Utopiales 2025 : Critique The girl who stole time

Présenté en séance spéciale aux Utopiales 2025, The Girl Who Stole Time nous permet de découvrir un peu le cinéma d’animation chinois, assez ignoré en France si ce n’est pour Ne Zha 2. Signé par les duo réalisateurs Yu Ao et Zhou Tienan — tous deux déjà reconnus dans le domaine de l’animation et de la comédie dans leur pays — ce long-métrage de 107 minutes mêle aventure fantastique et moments d’émotion, pour un public principalement adolescent.  

Synopsis

Qian Xiao, une jeune fille issue d’un modeste village de pêcheurs, entre en possession du « Cadran du Temps » à la suite d’une collision maritime accidentelle. Ce mystérieux artefact lui permet de contrôler le temps, mais attire également l’attention d’une puissante organisation bien décidée à la traquer. Tandis que Qian Xiao utilise le Cadran du Temps pour échapper à ses implacables poursuivants, elle croise la route de Seventeen, un membre de l’organisation criminelle. Leur affrontement initial se transforme peu à peu en une camaraderie inattendue, au fil d’aventures fantasques dans une ville en pleine effervescence.

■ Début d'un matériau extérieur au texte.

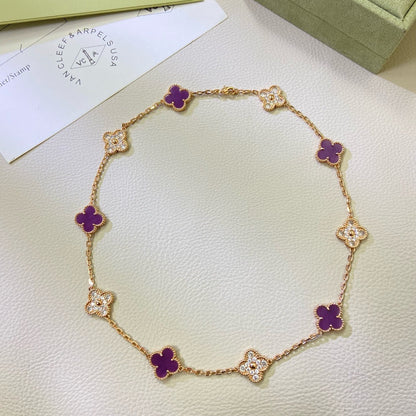 [Kincade Jewelrys] COLLAR DE DIAMANTES PÚRPURA VIOLETA CON 10 MOTIVOS DE TRÉBOL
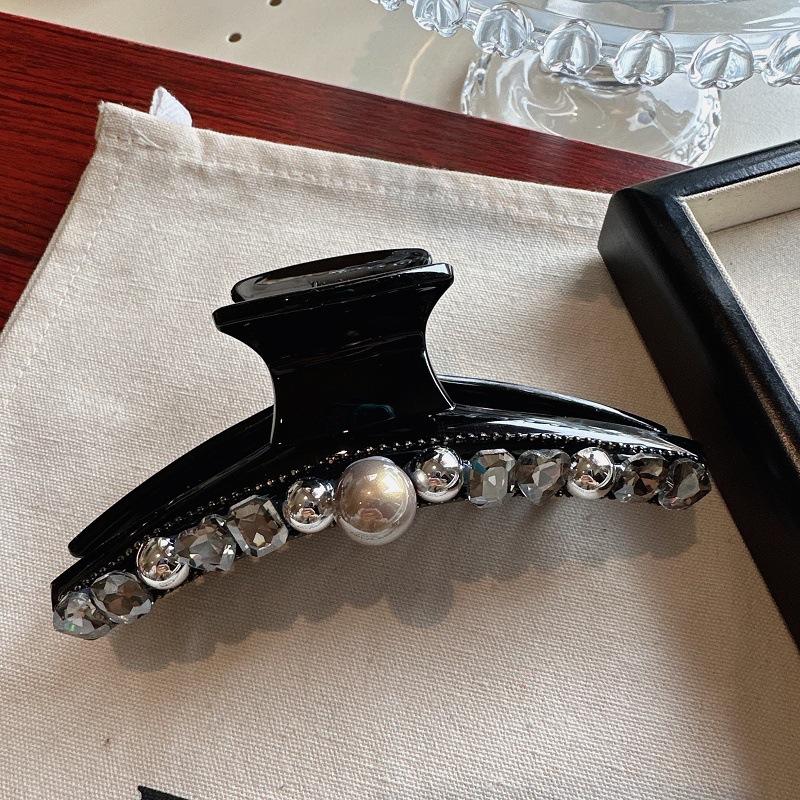 

Элегантные заколки-крабы для волос с кристаллами и жемчугом - Большие зажимы-акулы для стильных причесок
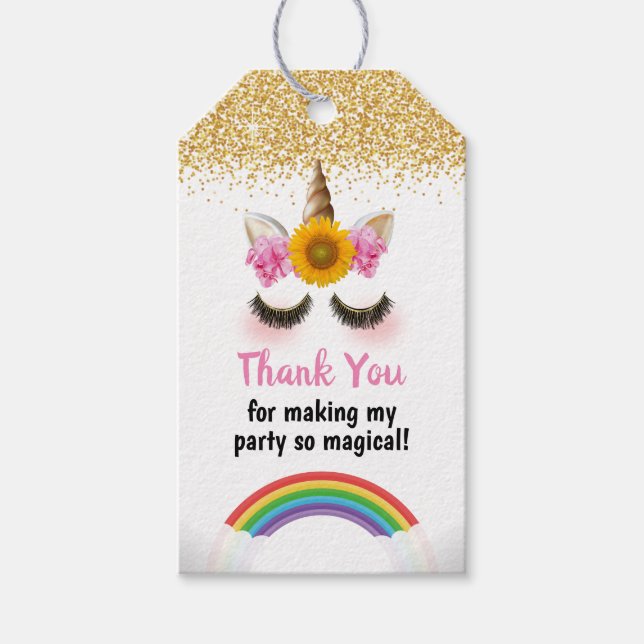 Unicorn Baby Shower Favor Guld Glitter Tack Presentetikett (Framsidan)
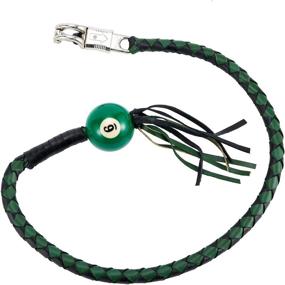 img 2 attached to High-Quality 42 Long 1/2â€œ Diameter Green and Black Motorcycle Get Back Whip with NO. 6 Pool Ball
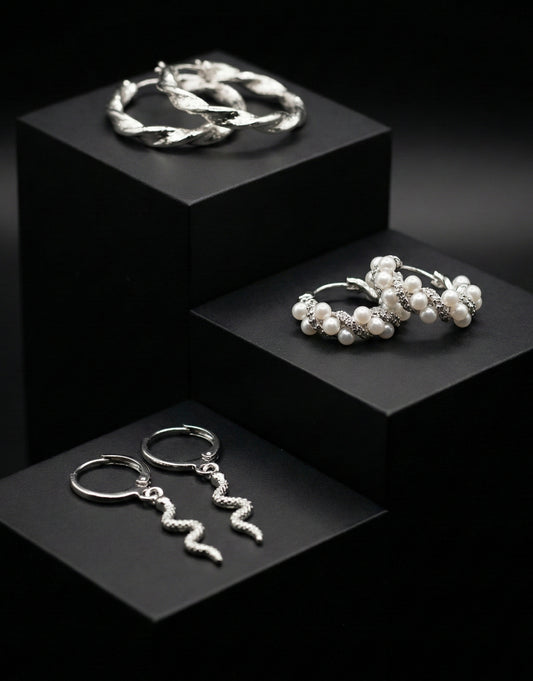 Silver Statement Earring Trio Set – Snake Dangle, Pearl & Twisted Rope Combo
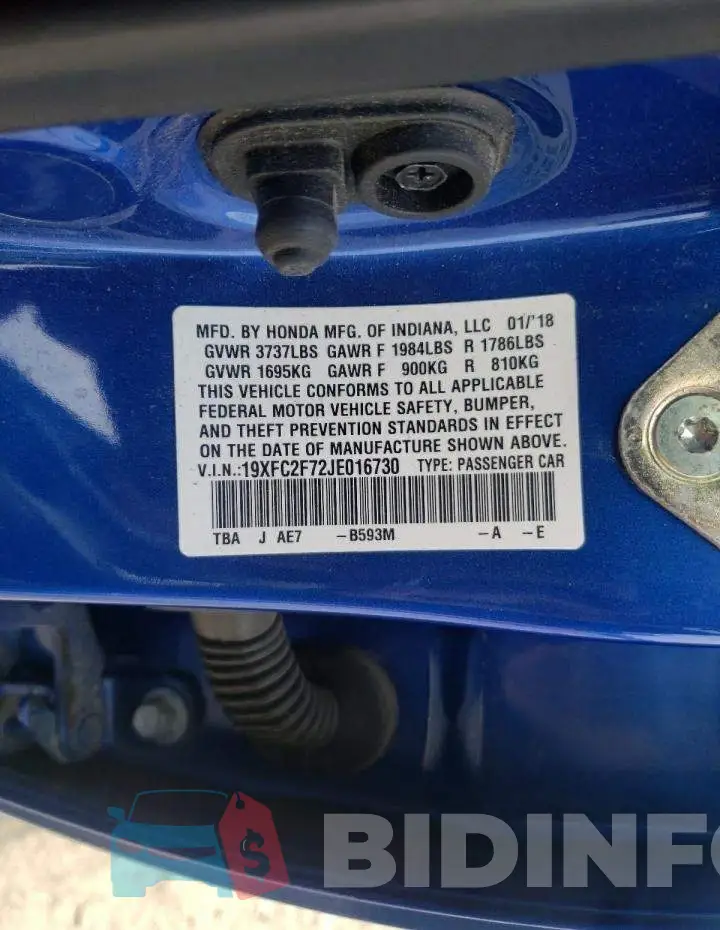 19XFC2F72JE016730 Photo# 10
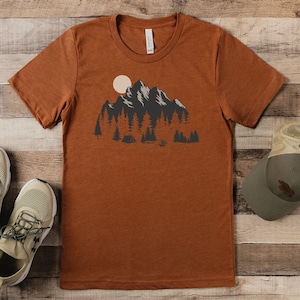 Mountain Graphic Tee, Camp Tee, Camping TShirt, Men&#39;s Mountain TShirt, Outdoors T-Shirt - Environmental Shirt, Nature Shirt, Hiking Shirt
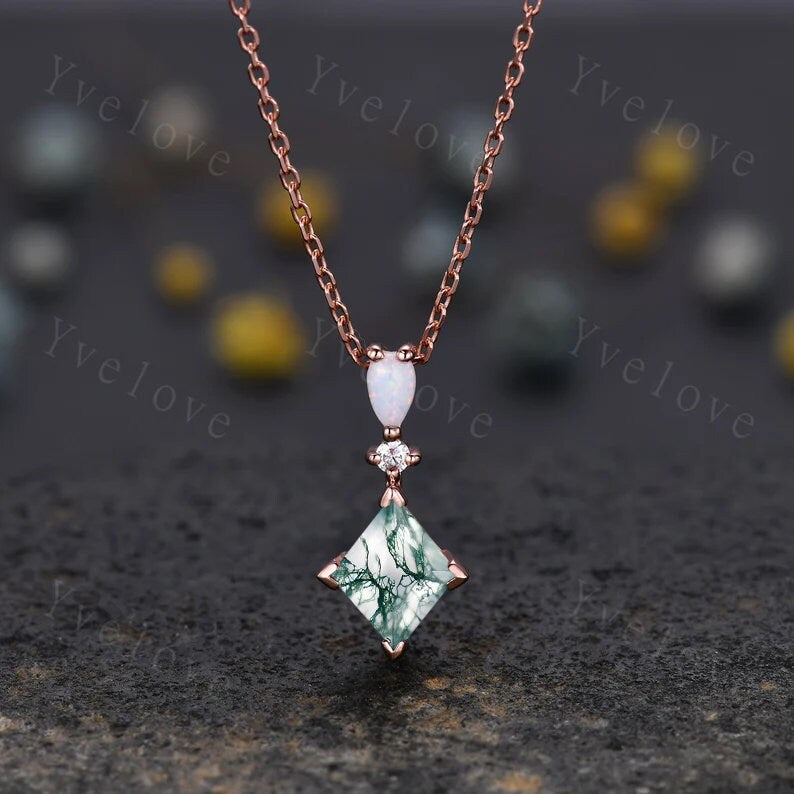 Vintage unique princess cut green emerald necklace 18k rose gold opal diamond personalized pendant promise bridal birthday gift for her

C’est un film avant tout destiné aux adolescents, mais qui réussit pleinement à toucher un public adulte. Son univers foisonnant, son rythme soutenu et son humour bien dosé lui donnent une énergie communicative. On se laisse embarquer sans résistance dans ce monde où la fantaisie sert de miroir aux émotions humaines.

Ce qui frappe d’emblée dans The Girl Who Stole Time, c’est la fusion réussie entre spectacle visuel et émotion sincère. Derrière le fantastique se lit une douleur réelle : la perte d’un être cher a inspiré les scénaristes-réalisateurs, qui déclinent leur récit comme une méditation sur le temps, l’absence et la mémoire. Ils affirment que “ce moment ensemble est la plus douce magie que nous opposons au temps”.  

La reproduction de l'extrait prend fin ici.